It was offered at the Clearing Success Congress in Washington, September 1st to 3rd, that we would find a goal on someone at the Congress whose name would be drawn at random from a basket. We drew six names from a basket, and the subsequent interview demonstrated that four of these people had rock slams on asking for a short list of people they detested.
Jim Skelton did the interviewing and auditing and goal finding. Lieutenant Colonel Voight was selected as the most likely candidate.
Every available moment of auditing time from the first intermission to the beginning of the third day was thereafter utilized.
It was impossible to turn the rock slam back on after it had been demonstrated by the PC in the interview. Standard dynamic assessment steps were taken without avail.
A dynamic (group) was equivocally located as the dynamic the PC had overts on, and the item Scientology appeared on that list. Earlier than this, I requested Jim to ask the PC what would be the consequences of our clearing him. The PC’s answers indicated that he would have to change his whole life. On the strength of this, we used the following two questions to list goals.
Jim listed some 49 goals on the first question, and then happened to be looking at the meter, and out of the clean flowing meter suddenly appeared a rocket read. He asked the PC what the PC was thinking of, and the PC said, “Immortality, and things like that,” and Jim said, “What goal might be associated with this?” And the PC said, “To live.”

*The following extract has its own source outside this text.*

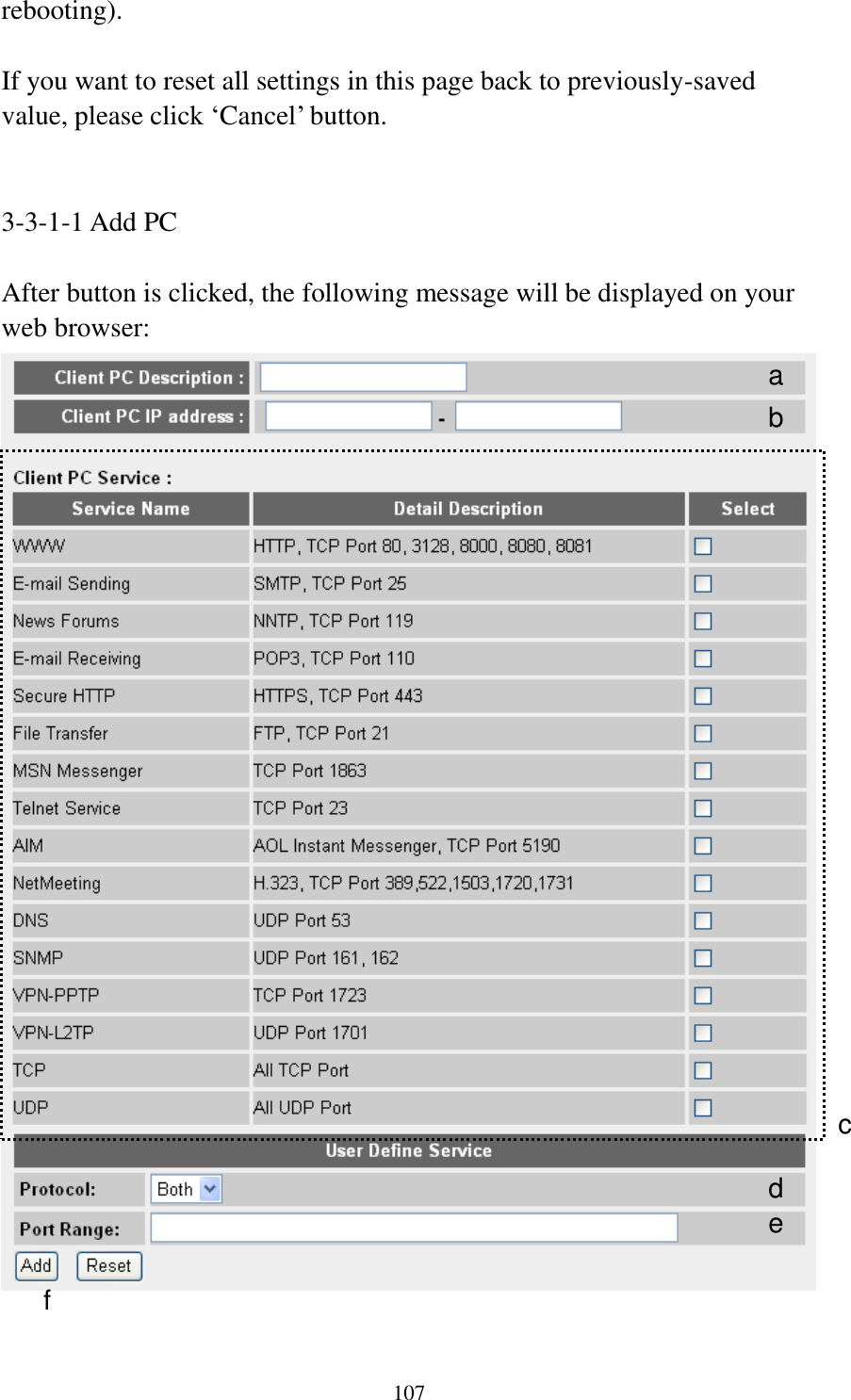 107 rebooting).  If you want to reset all settings in this page back to previously-saved value, please click „Cancel‟ button.   3-3-1-1 Add PC  After button is clicked, the following message will be displayed on your web browser:   a b c d e f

Jim wrote the goal down and Tiger Drilled it at once, ignoring the remaining goals. The goal read sporadically with ticks and one half dial drop, and seemed very alive. It was interesting that no TA action whatsoever occurred during the listing of the goals on the first question above, and that the second question was never asked. It could be speculated that the goal might have appeared on the second list, but this is of course speculation.
Jim came to my room to tell me about this, and I asked him where the pain and rock slam were. Jim said there had been none, and returned to the auditing room. Much to our relief on Jim’s return to the auditing room, the preclear informed him that he had an excruciating pain in his arm which had made him weep, so great was the intensity of it. Jim put him back on the meter, and once more resuming Tiger Drill a wide rock slam turned on, on the goal.
In the check-out session, it was obvious to the auditor that the PC needed a great deal of prepchecking to smooth him out; when he did the end rudiments on the PC, the rock slam continued straight on through the end rudiments, or would have if the auditor had not said, “Floor, floor, floor,” several times and gotten the rock slam off so that he could get the end rudiments in.
The PC’s cognitions were extreme and numerous, and the behaviour of the needle was strong and persistent, and there is no slightest doubt but what this was the PC’s goal.
This demonstration of dynamic assessment by rock slam and finding a PC’s goal with this “slight” deadline was a very adventurous activity, and we held our breaths until it had been done. As a matter of fact, we began a second PC on the second day, in hopes of at least getting one on one of the persons offered, and on the second PC were able to get a complete dynamic list as per the standard steps. This PC, on listing on the detested persons’ names, listed about a hundred and fifty items, dove straight into his bank, and had extreme manifestations of insanity, and excruciating pain. The dynamic was speculated to be the eighth, but this dynamic assessment was not complete. However, this PC’s life changed remarkably just by doing the first bit of dynamic assessment.